[What the task asks]: Write out each line exactly, starting with the one containing "Boost stamina with Bulgarian split squats Boost" and stopping after the last line of the listing below.

[Extracted information]:
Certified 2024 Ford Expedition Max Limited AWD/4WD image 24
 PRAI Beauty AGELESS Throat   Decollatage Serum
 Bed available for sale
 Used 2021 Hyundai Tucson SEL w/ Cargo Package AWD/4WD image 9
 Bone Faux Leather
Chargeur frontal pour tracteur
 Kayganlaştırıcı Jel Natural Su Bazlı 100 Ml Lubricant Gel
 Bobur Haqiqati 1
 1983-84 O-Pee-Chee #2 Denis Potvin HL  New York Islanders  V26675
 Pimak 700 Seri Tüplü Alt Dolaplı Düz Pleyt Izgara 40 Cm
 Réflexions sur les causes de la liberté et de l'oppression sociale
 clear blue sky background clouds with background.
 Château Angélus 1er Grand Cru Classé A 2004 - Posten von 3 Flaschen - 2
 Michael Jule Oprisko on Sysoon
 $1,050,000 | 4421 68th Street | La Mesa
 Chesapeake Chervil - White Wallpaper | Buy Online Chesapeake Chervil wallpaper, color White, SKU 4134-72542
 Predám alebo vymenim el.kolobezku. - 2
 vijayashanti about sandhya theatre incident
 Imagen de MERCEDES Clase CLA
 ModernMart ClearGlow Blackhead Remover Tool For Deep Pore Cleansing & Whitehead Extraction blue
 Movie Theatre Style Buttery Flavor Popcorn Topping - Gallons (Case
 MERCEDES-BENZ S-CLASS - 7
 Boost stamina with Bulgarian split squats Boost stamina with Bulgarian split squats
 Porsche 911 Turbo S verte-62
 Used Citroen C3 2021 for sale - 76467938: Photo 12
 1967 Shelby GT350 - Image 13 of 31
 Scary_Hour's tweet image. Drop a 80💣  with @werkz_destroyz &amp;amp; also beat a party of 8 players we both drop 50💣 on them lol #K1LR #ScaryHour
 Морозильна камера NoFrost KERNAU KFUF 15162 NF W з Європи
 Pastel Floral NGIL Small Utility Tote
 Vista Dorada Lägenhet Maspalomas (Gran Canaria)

[Solution to this exercise]:
 Boost stamina with Bulgarian split squats Boost stamina with Bulgarian split squats
 Porsche 911 Turbo S verte-62
 Used Citroen C3 2021 for sale - 76467938: Photo 12
 1967 Shelby GT350 - Image 13 of 31
 Scary_Hour's tweet image. Drop a 80💣  with @werkz_destroyz &amp;amp; also beat a party of 8 players we both drop 50💣 on them lol #K1LR #ScaryHour
 Морозильна камера NoFrost KERNAU KFUF 15162 NF W з Європи
 Pastel Floral NGIL Small Utility Tote
 Vista Dorada Lägenhet Maspalomas (Gran Canaria)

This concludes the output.